Could you repeat every record below exactly, leaving out the pictures?

Caption-style text data:
****************

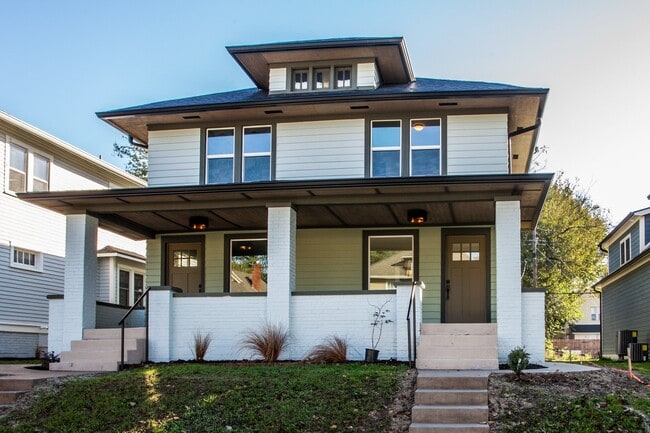 Building Photo - 3841 N Park Ave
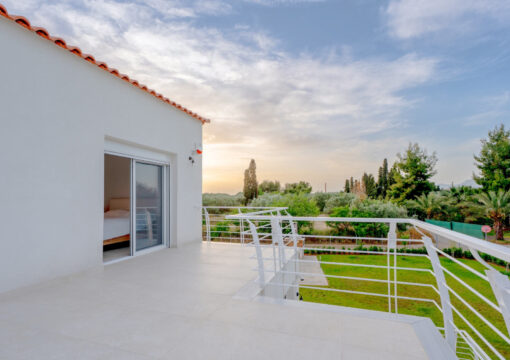 Modern Residence in Bournontas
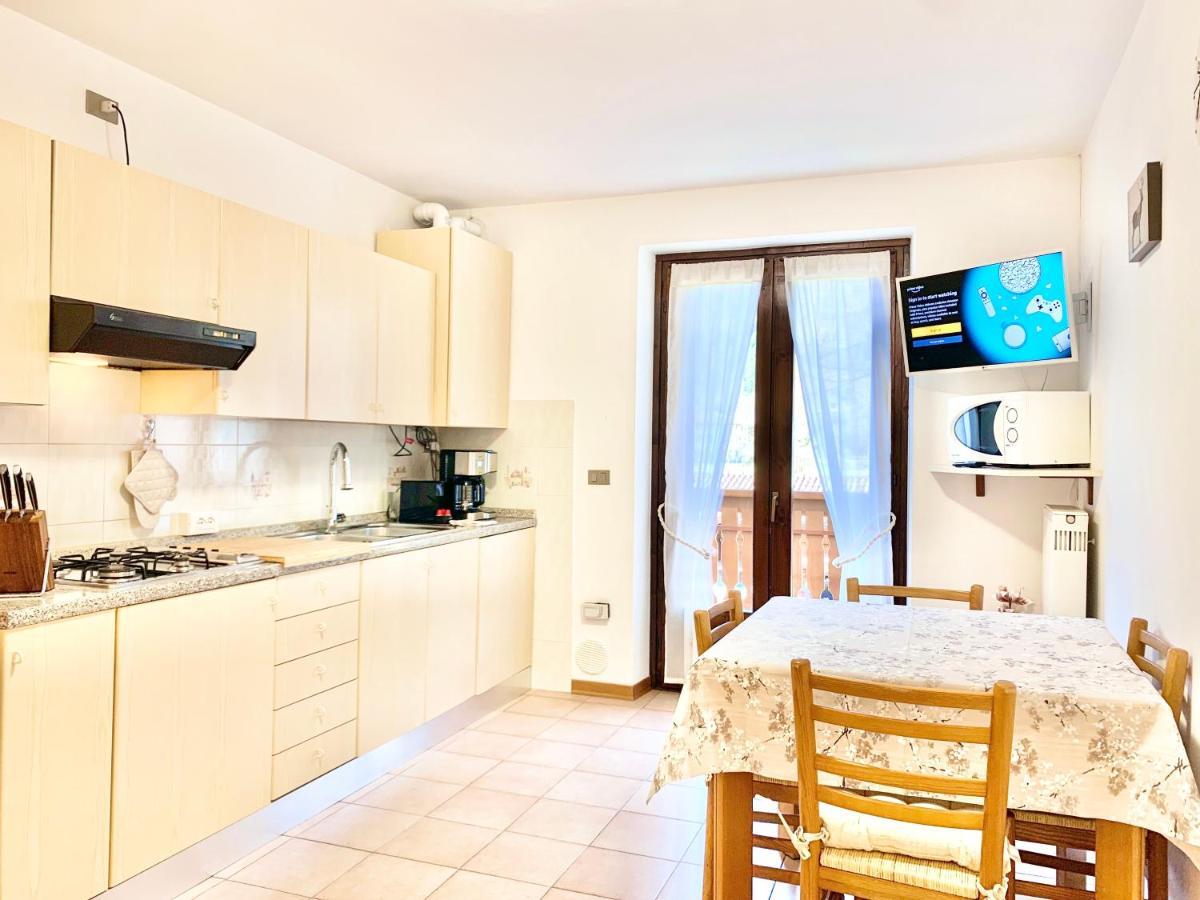 Appartement Casa Lucia à Pieve Di Ledro Extérieur photo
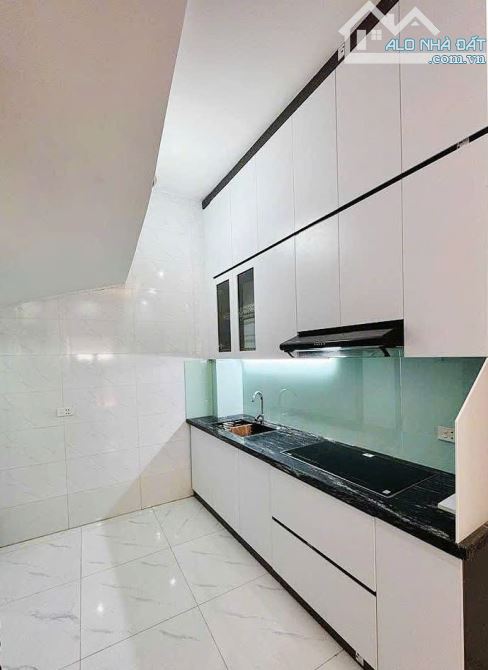 🔥HIẾM- PHỐ VIP ĐỘI CẤN- GẦN Ô TÔ- NỞ HẬU- FULL NỘI THẤT- 4 TẦNG- 39M2- 7.85 TỶ - 3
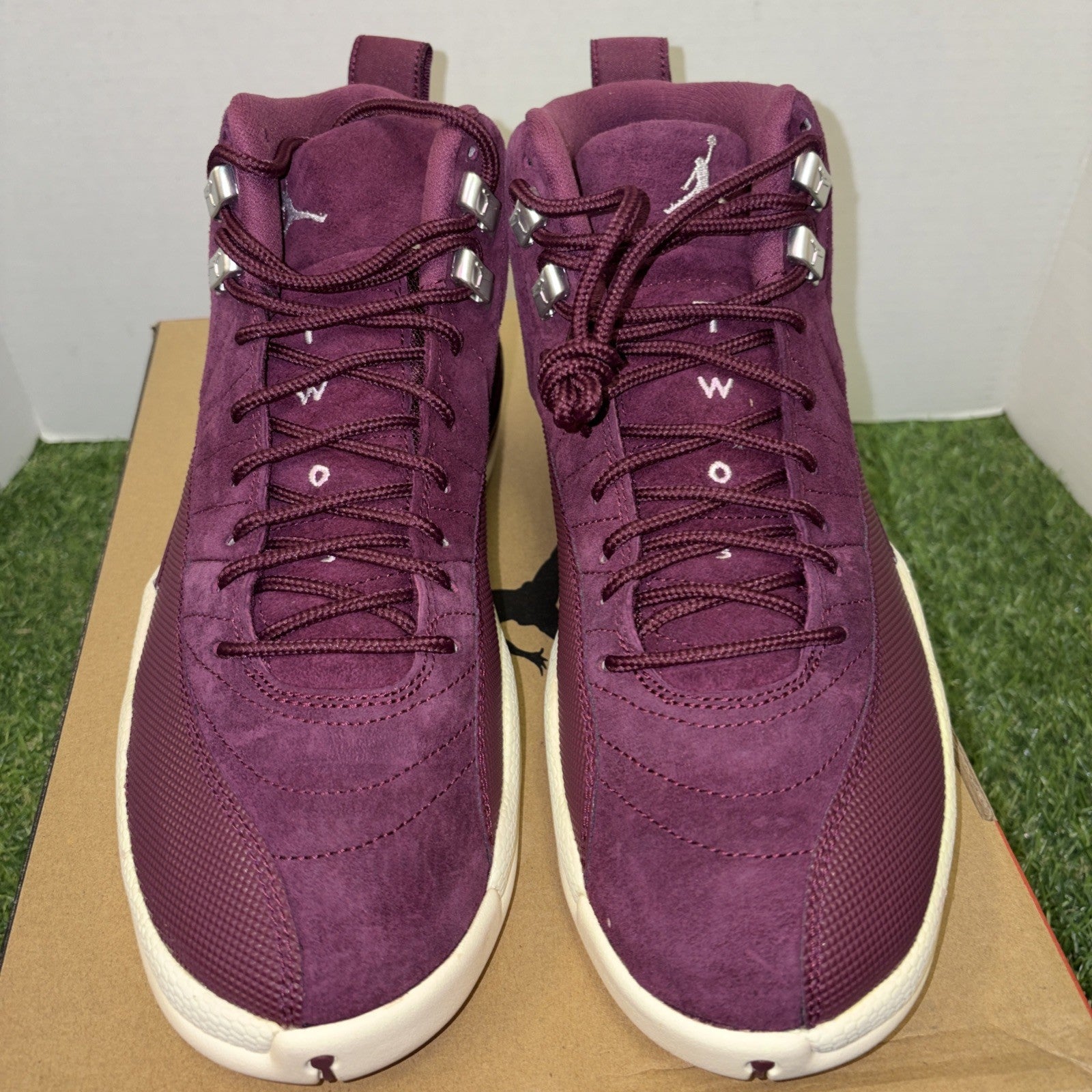 Size 8.5   Air Jordan 12 Retro Bordeaux1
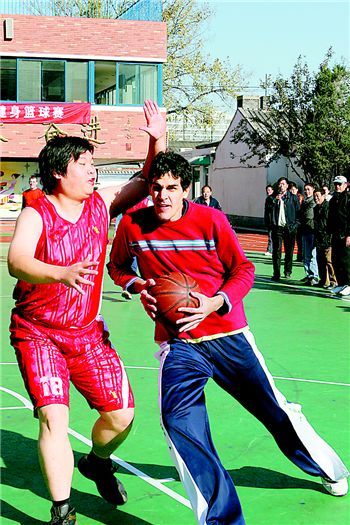 东城社区国际篮球赛(图)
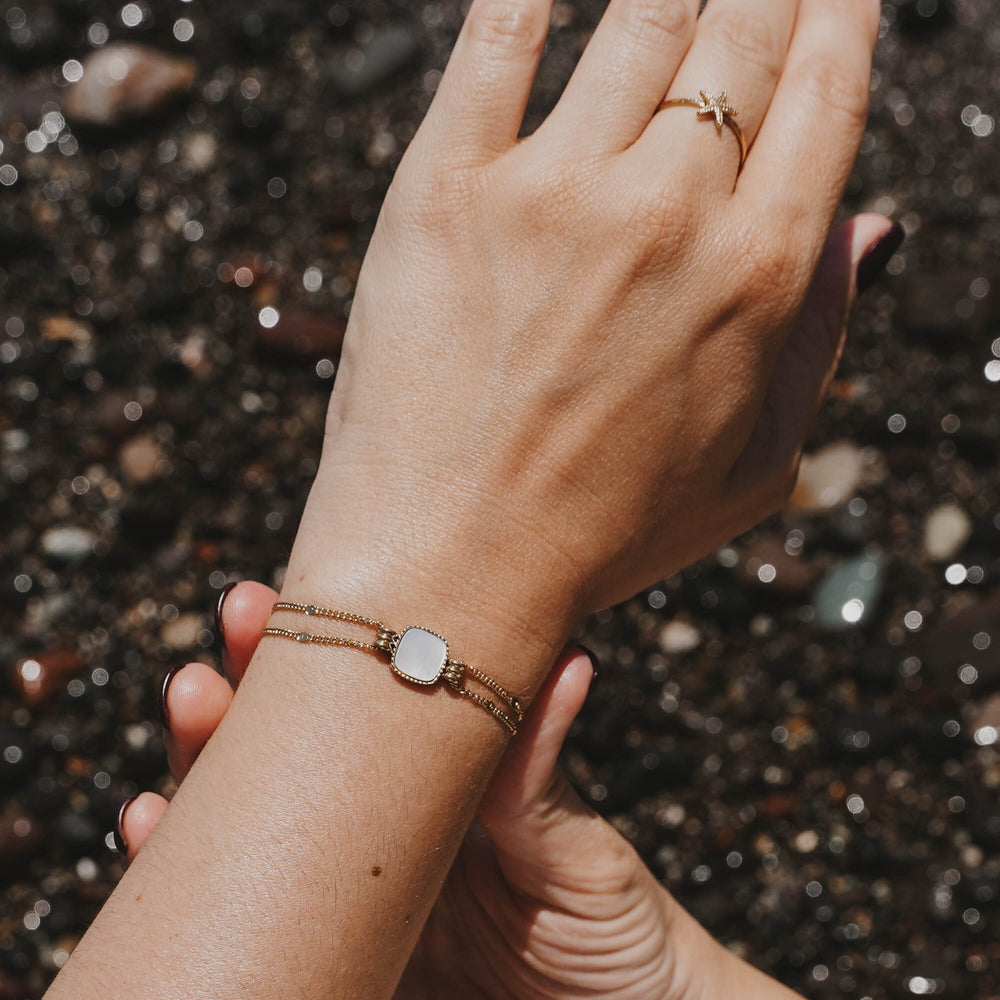 Izmir | Bracelet en acier inoxydable et pierres naturelles | Nacre | Doré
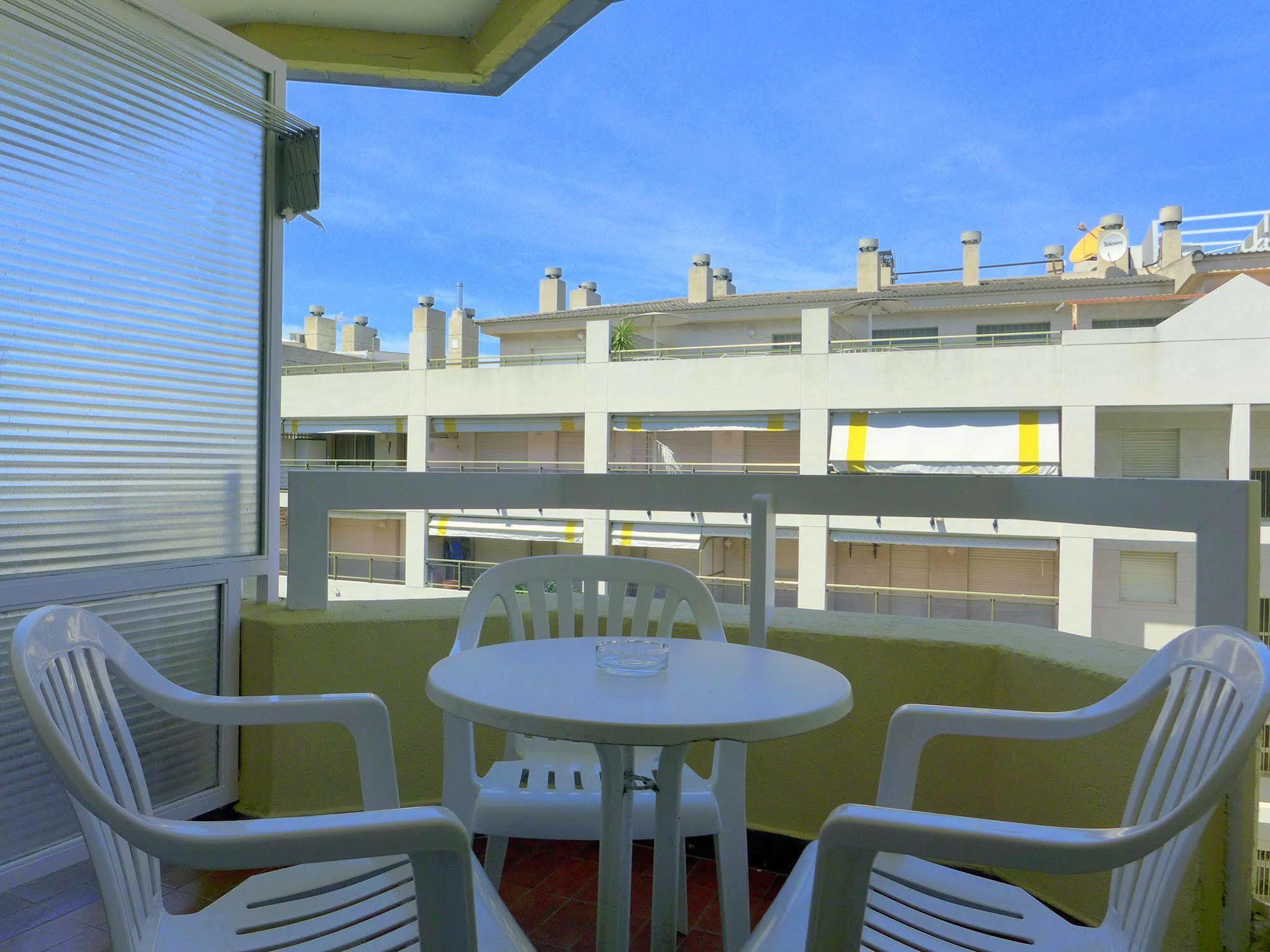 Apartamentos Alboran-Arysal サロウ エクステリア 写真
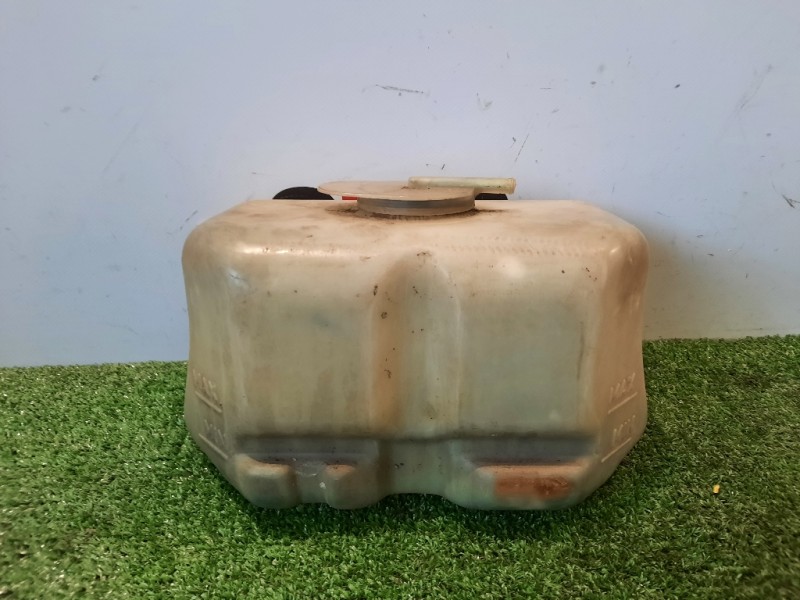 Vaschetta Tergicristalli 2891014G00 Nissan PICK UP D21 1986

****************

SOLUTION TO THE EXERCISE:
 Building Photo - 3841 N Park Ave
 Modern Residence in Bournontas
 Appartement Casa Lucia à Pieve Di Ledro Extérieur photo
 🔥HIẾM- PHỐ VIP ĐỘI CẤN- GẦN Ô TÔ- NỞ HẬU- FULL NỘI THẤT- 4 TẦNG- 39M2- 7.85 TỶ - 3
 Size 8.5   Air Jordan 12 Retro Bordeaux1
 东城社区国际篮球赛(图)
 Izmir | Bracelet en acier inoxydable et pierres naturelles | Nacre | Doré
 Apartamentos Alboran-Arysal サロウ エクステリア 写真
 Vaschetta Tergicristalli 2891014G00 Nissan PICK UP D21 1986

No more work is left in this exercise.